Balanço da Comissão Pastoral da Terra aponta 161 ameaças de morte em 2004

Dados parciais da Comissão Pastoral da Terra (CPT), indicam que 161 pessoas foram ameaçadas de morte no país, em 2004, em decorrência dos conflitos agrários. Só no estado do Pará foram denunciadas 40 ameaças, entre elas a da agente pastoral Dorothy Stang, assassinada no sábado (12) em Anapu. Nessa mesma região, a CPT registra duas outras pessoas ameaçadas de morte: Domingos Araújo Gomes e Ondino Ferreira da Conceição, ambos líderes de movimentos sociais que atuam contra grileiros e madereiros.

Em entrevista coletiva à imprensa, Dom Tomás Balduino, presidente da CPT, acusou o governo do Pará de estar envolvido nos crimes ocorridos no estado. "A corrupção está instalada, há um desgoverno e a polícia não é de confiança", afirmou. Os policiais, acrescentou, agem como pistoleiros: "O pistoleiro é o soldado, é quem anda fardado."

O presidente da CPT afirmou ainda que as questões agrárias no estado do Pará são um grande desafio para o governo federal, porque o crime organizado atua na região como "um Estado paralelo". E acusou o governo do estado de estar pactuado com o crime organizado: "Eles financiam as campanhas políticas, eles entram e saem do palácio do governo com tranquilidade."
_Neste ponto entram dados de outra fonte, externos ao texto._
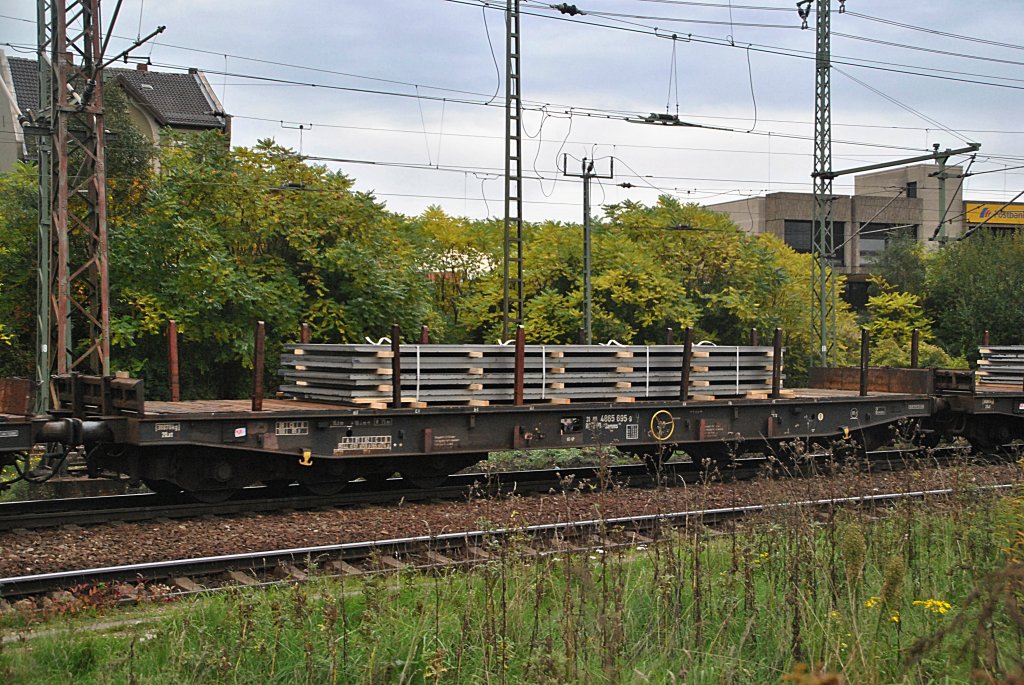 Gterwagen mit Stahlplattenwagen beladen in Lehrte, am 06.10.10.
Na opinião de Dom Tomás Balduino, o assassinato da missionária Dorothy Stang será solucionado. Entretanto, alertou, o que deve ser observado pelo governo é o que está por trás dos crimes, é a reforma agrária que deve ser feita: "O que está acontecendo com esse país é intolerável e não só no Pará. O Estado brasilieiro precisa assumir para que a justiça social seja aplicada".

Sobre a presença do Exército na região dos crimes, Dom Tomás Balduíno disse acreditar que os 2 mil soldados não vão resolver a questão de forma definitiva. Argumentou que durante a ditadura militar "também tentaram resolver", mas reforçou que está cobrando a presença do Estado, embora não goste de ver situações como essa conduzidas pelos militares. E alertou que é o governo precisa fornecer a infra-estrutura adequada à ação dos policiais na região.